Для подготовки восстания оставались считанные дни. Вся неделя накануне 14 декабря прошла в непрерывных совещаниях. Собирались на квартире у Рылеева, обсуждали план действий. Решили поднять те гвардейские полки, где служили офицерами члены тайного общества, захватить Зимний дворец, арестовать царскую семью, овладеть Петропавловской крепостью и Арсеналом и принудить Сенат «объявить престол упраздненным».

Военным руководителем восстания, его «диктатором», избрали полковника Трубецкого. В помощь ему назначили капитана Якубовича и полковника Булатова.

Вечером 13 декабря члены тайного общества собрались на последнее совещание у Рылеева.

«Многолюдное собрание было в каком-то лихорадочно-высоконравственном состоянии, — вспоминал Михаил Бестужев. — Тут слышались отчаянные фразы, неудобоисполнимые предложения и распоряжения. Зато как прекрасен в этот вечер был Рылеев! Он был нехорош собою, говорил просто, но не гладко; но когда он попадал на свою любимую тему — на любовь к родине, — физиогномия его оживлялась, черные, как смоль, глаза озарялись неземным светом, речь текла плавно, как огненная лава… Его лик, как луна бледный, но озаренный каким-то сверхъестественным светом, то появлялся, то исчезал в бурных волнах этого моря, кипящего различными страстями и побуждениями».

Сенатская площадь. Литография. 1820-е гг.

Романтик Рылеев поддерживал решимость и мужество товарищей, заражал их своим энтузиазмом.

Я ль буду в роковое время   Позорить Гражданина сан   И подражать тебе, изнеженное племя   Переродившихся славян? Нет, не способен я в объятьях сладострастья, В постыдной праздности влачить свой век младой   И изнывать кипящею душой   Под тяжким игом самовластья…

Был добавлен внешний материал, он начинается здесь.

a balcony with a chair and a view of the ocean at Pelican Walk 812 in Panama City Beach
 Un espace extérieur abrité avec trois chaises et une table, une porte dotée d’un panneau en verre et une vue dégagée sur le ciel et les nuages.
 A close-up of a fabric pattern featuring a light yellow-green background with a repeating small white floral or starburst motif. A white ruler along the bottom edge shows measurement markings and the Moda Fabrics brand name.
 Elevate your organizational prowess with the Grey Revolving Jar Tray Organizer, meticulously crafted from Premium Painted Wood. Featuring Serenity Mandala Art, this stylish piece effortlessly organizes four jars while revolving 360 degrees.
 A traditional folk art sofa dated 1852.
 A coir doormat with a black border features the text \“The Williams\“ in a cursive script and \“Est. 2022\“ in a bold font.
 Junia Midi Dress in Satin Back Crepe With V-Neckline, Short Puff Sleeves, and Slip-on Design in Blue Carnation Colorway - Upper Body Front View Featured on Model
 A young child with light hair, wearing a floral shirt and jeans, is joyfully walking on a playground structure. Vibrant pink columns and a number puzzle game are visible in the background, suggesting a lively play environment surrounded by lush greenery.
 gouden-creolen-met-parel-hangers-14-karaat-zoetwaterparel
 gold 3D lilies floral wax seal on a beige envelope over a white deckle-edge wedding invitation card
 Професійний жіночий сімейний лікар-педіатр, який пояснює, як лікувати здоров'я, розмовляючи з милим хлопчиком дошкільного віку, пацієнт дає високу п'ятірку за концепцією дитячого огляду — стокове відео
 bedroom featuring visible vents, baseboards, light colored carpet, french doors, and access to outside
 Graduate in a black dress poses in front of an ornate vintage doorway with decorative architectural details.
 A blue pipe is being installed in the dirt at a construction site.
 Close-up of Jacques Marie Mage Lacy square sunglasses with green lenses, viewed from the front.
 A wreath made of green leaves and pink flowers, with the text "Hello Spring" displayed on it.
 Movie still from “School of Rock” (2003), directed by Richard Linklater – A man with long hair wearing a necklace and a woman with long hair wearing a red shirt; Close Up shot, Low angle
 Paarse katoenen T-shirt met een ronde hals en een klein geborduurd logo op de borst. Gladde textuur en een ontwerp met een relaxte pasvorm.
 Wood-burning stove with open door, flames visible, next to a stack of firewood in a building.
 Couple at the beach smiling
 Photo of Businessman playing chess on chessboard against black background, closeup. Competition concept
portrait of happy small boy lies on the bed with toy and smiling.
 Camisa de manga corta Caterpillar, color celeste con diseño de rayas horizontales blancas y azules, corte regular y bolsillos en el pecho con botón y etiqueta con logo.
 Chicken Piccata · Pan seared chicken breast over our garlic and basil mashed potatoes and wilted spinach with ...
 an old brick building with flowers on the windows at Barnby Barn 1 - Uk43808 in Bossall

Друзья Рылеева исповедовали то же, о чем писал поэт. Молодые блестящие офицеры, многие из знатных, богатых семей, знали, на что шли, чем грозила им неудача. Но дворянскую честь, требовавшую противопоставить шпагу полицейской дубине, ставили превыше всего: горя родных, собственного благополучия, карьеры, самой жизни.

В ночь с 13 на 14 декабря в квартире Рылеева — этом штабе восстания — ярко горели свечи. Никто здесь не спал, кроме маленькой дочери хозяина — Настеньки.

К девяти часам утра квартира Рылеева опустела. Заговорщики вышли на улицы Петербурга.

В это время они уже знали, что их планы нарушены, что о заговоре стало известно Николаю, что Якубович отказался вести гвардейских матросов на Зимний дворец, что Сенат два часа назад спешно присягнул новому императору. Несмотря на это, решено было действовать — дабы каждый истинный сын Отечества мог до конца исполнить долг Гражданина.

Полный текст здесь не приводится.